When thinking about starting your AI project, you’re likely feeling a combination of excitement and concern. Wow, this can be amazing. All the success stories, the numbers of sales increase, revenue growth…so many opportunities! But on the other hand, what if it goes wrong? How can you mitigate the risk of wasting time and money on something that just isn’t viable at all? There are so many questions, there’s so much hope, and (hopefully) there’s a plan. Bright future ahead of us, am I right? Well, a recent white paper released by Pactera Technologies states that 85% of AI projects fail. Oops.
“But it won’t be me” — you might say. It won’t, or it will, there’s no way to tell now. You can hope for the best but nothing exempts you from strategic thinking. Be well-informed, be prepared, be advertent.
You may also like: Are We There Yet? Effort Estimation in AI Projects
There Are so Many Ways to Screw Up
And not a single reason to put it more mildly. AI offers some awesome possibilities and a plethora of things you can do wrong. You can go wrong with the data strategy, business/tech alignment, the human factor, and that’s still not all. I’m not trying to scare you away, though. It’s the spooky Halloween season, so we’ll be telling ghost stories — only with AI fails — so you can be more cautious and mindful in the future. You know, learn the lesson before it hurts you.

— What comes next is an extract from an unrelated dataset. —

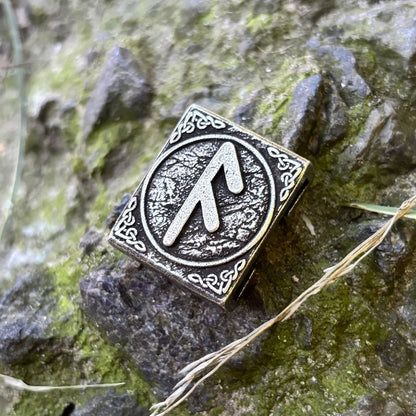 Ansuz rune molle clip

Why AI Projects Fail — Common Problems: Big Is Never Big Enough
Big data is a buzzword, but it’s also rather enigmatic. How big is “big”? How much data do you need? Yes, data is a problem. Not just because there’s not enough of it — though sometimes there is, naturally — but also due to issues with labeling, training data, etc. Because an AI system can only be as good as the data it’s fed with, you can’t have any tangible results if there’s no data behind it. So what’s the problem with data? Well, where do we start…
First, there may not be enough of it. If the business you’re running is small and has a limited set of data, you have to carefully discuss your expectations and the current state of your data set with an experienced AI advisor or data scientist. How much data is enough? See, that’s a tricky question because that depends. It depends on the use case, the type of data, and the result you expect. However, we can often hear “the more, the better”. Seems like in data science projects, more is more, period.
Do As I do, Robot
We tend to expect that AI systems perform intellectual tasks as well as we do — or better. That’s a reasonable thing to expect since we all know that “AI is outperforming humans at more and more tasks.” It is. It even beat a Go champion. However, our minds are much more flexible than AI systems.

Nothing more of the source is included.